**WORK INSTRUCTIONS**: A word-for-word copy of every entry below is required; the images do not belong in it.

[Captioned web images]
━━━━━━━━━━
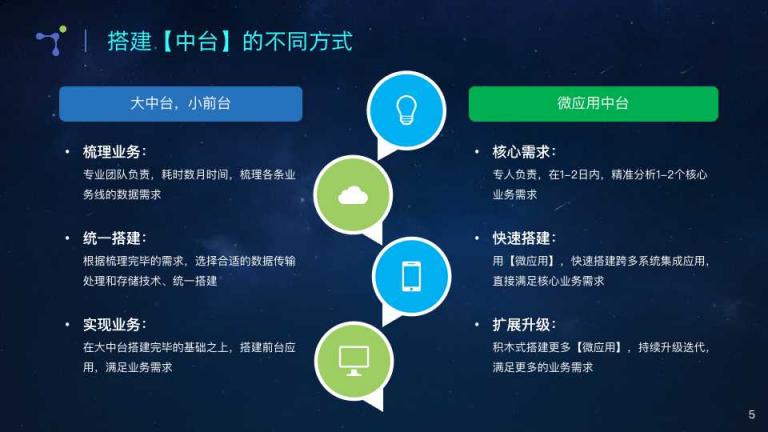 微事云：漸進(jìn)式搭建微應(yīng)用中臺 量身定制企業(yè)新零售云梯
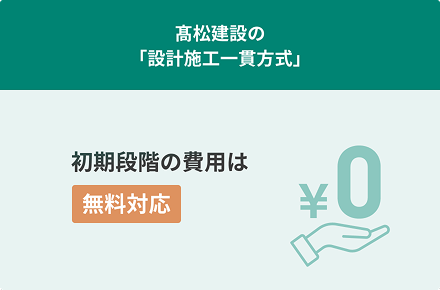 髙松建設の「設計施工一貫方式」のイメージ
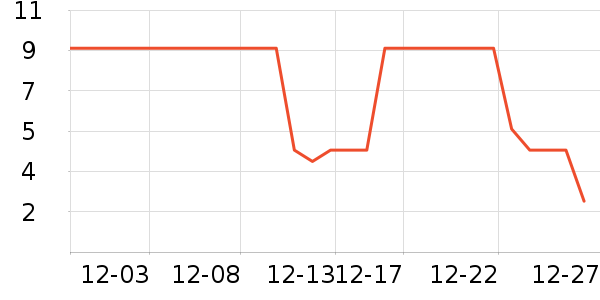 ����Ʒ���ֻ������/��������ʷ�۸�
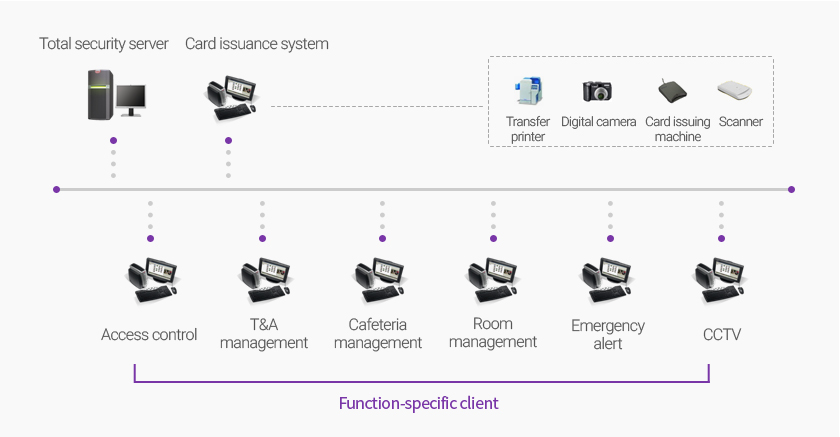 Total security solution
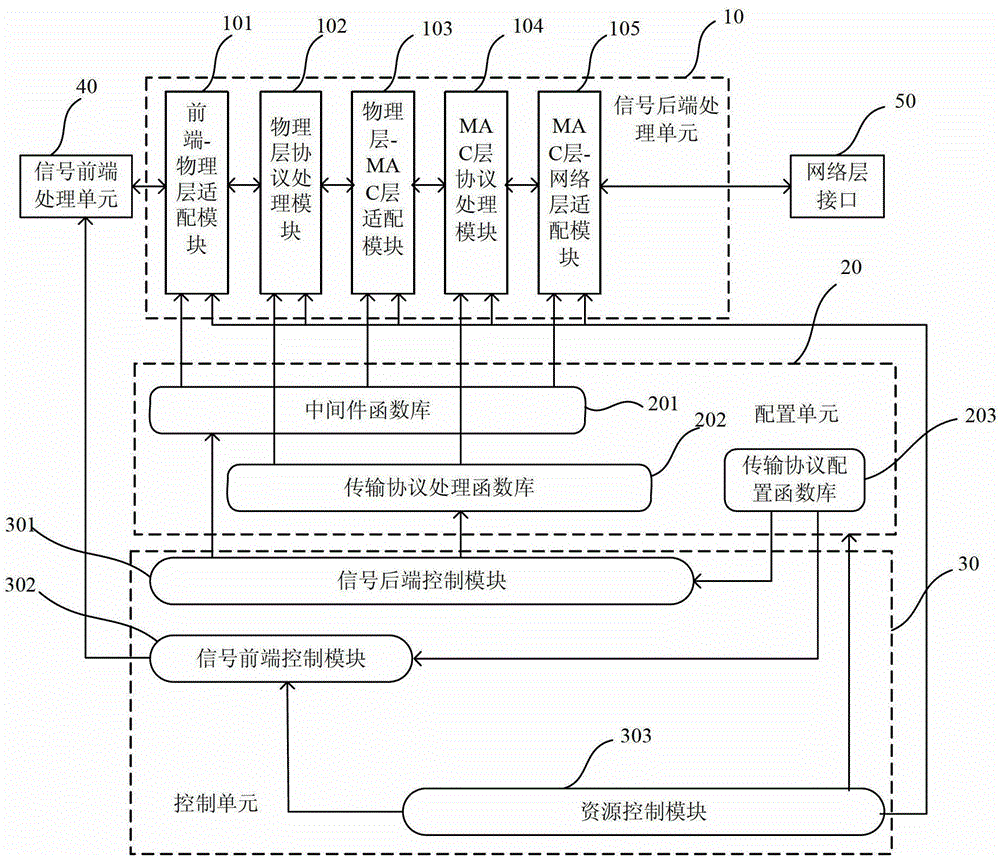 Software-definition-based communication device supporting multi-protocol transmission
━━━━━━━━━━
**EXERCISE RESULT**:
 微事云：漸進(jìn)式搭建微應(yīng)用中臺 量身定制企業(yè)新零售云梯
 髙松建設の「設計施工一貫方式」のイメージ
 ����Ʒ���ֻ������/��������ʷ�۸�
 Total security solution
 Software-definition-based communication device supporting multi-protocol transmission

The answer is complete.